Veering between the gun-control and school-safety issues, Dunlap explained, briefly, about a “planned incident with sim[ulated] guns at Olathe High School” in December, shortly after Newtown.
(Montrose Schools Superintendent Mark McHale told The Watch later that the “active shooter simulation” had been planned well before the massacre at Sandy Hook, that the district conducts one or more such exercises each year, and that it did not take place on a school day. “It was a Saturday during winter break,” he explained. Volunteer students and teachers participated along with law enforcement and “observers” from Grand Junction, who evaluated the school’s, and the cops’ response. “We considered not doing it” because of the proximity to Sandy Hook, McHale said. “But then we thought, actually, what better time?”)
Dunlap told the crowd at Heidi’s that he assumed “you have read my position paper on the Second Amendment.
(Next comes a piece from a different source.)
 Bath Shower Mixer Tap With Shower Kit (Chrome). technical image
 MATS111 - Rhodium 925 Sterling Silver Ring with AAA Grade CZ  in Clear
We can’t point the finger. It’s not the guns that did it.”
He then listed a couple of the things he believed did do it, and need to be addressed, locally as well as nationwide: the miserable state of mental health care and treatment (“Our jails cannot handle the problem,” he said.), and the proliferation of violent video in America.
“I haven’t seen one word on violent movies and video games. Anybody seen the new Hansel and Gretel movie? It’s certainly not the Hansel and Gretel I read! We have got to be responsible and say no to our kids watching this stuff.
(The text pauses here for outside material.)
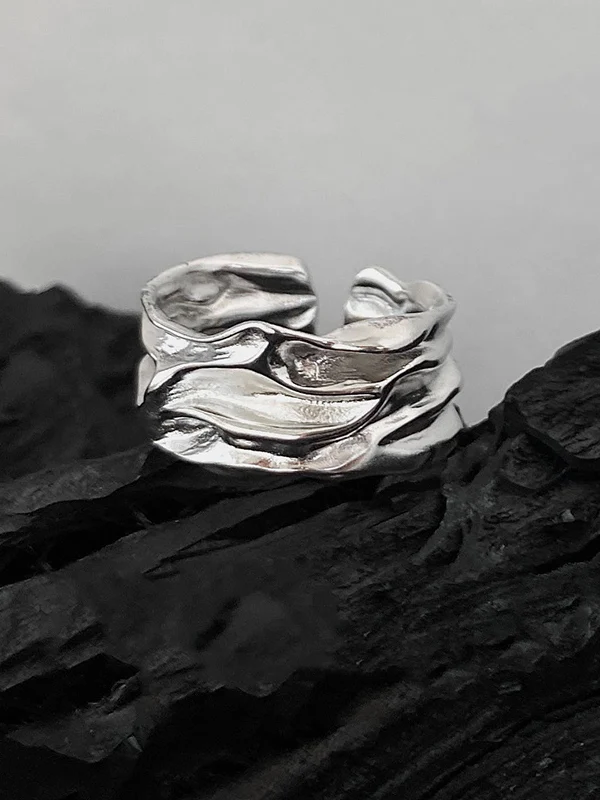Men's 2Pcs Silver Textured Cuff Ring - Image 5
“We need a cooling off period,” he said. “Right now we’re operating off of a lot of emotion. We should not enact laws that either go against the constitution, or are not enforceable.”
Chin then took the microphone and a reassuring tone vis-à-vis the schools. “We’re a lot safer today than we were two months ago,” he said. “We still have a lot to do, but school safety is on everyone’s minds. I think we have something very good happening right now.
“We need to be talking about the criminal,” Chin said. “We have a lot of issues to sort out. I’m not sure gun control is one of them.”
He went on to deliver a litany of facts about mass shooters: 96 percent are male; 98 percent act alone (“It’s very difficult to identify them ahead of time,” Chin said.); the attacks are dynamic and quick – 2.6 deaths per minute, 8 minutes average from start to finish.
“You really are the eyes and ears,” Chin said to the crowd. “If you know about anyone, anybody who you think might be a threat . . . If we can intervene before any kind of incident, we can interrupt before anything bad happens.”
McHale had not planned to speak at the forum, but he was asked by the sheriff to comment. “It’s been a rough couple of months,” the district’s top man said. “I was a school principal when Columbine happened. There’s not one answer we can agree on to make our schools safer. Do we make them like an airport [with airport screening]? Do we bring in armed volunteers? Do we arm our teachers? Do we have armed security guards?
“The answer is the community coming together and talking and taking a commonsense approach. And this will all take time and money.”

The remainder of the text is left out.